To resolve this problem, the College of Liberal Arts decided to assign about eight to ten students to one seminar professor, who will double-up as their academic advisor for the entire year. Under the new system, the Liberal Arts freshmen do not need to register for the seminar courses. One credit will be automatically given to them when tuition is paid. Students will continue to be graded on a S/U basis. Professors in their sabbatical years and professors from the departments of Korean Studies and Art History will be excluded from this system, for these departments are only in Graduate School.
No specific meeting times or places will be designated by the school administration for the seminars. It is solely up to each professor and the students in each seminar group to decide when and where to meet.
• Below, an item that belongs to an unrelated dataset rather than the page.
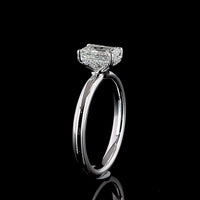 14K White Gold Hidden Halo Ring with 1.03 Carat Emerald Cut Lab Diamond and 0.07 Carat Brilliant Cut Accent Diamonds - 1.10 Carat Total Diamond Weight - Covaloro Fine Jewelry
It is recommended that they should meet at least five times in the first semester. No credit will be given for the second semester, but it is highly recommended that students meet with their academic advisor at least three times before deciding their majors.
In a reply to the concern that the new system will deprive students of their right to select their own seminar teachers, Chung Duk-ae, Dean of the College of Liberal Arts says, "It is a big plus for a student to know professors from diverse academic backgrounds. It will enrich and diversify her intellectual foundation."
The new system seems promising in its ability to consolidate the freshmen seminar and the advising system, which in turn will increase the convenience of the students and reduce some work redundancy for the professors. Dean Chung sums up its prospects for success optimistically: "We sincerely hope that the new system will do justice to the original purpose of the freshmen seminar. Hopefully, the freshmen seminar will not be evaluated as only nominal, but also as helpful and beneficial in a real sense."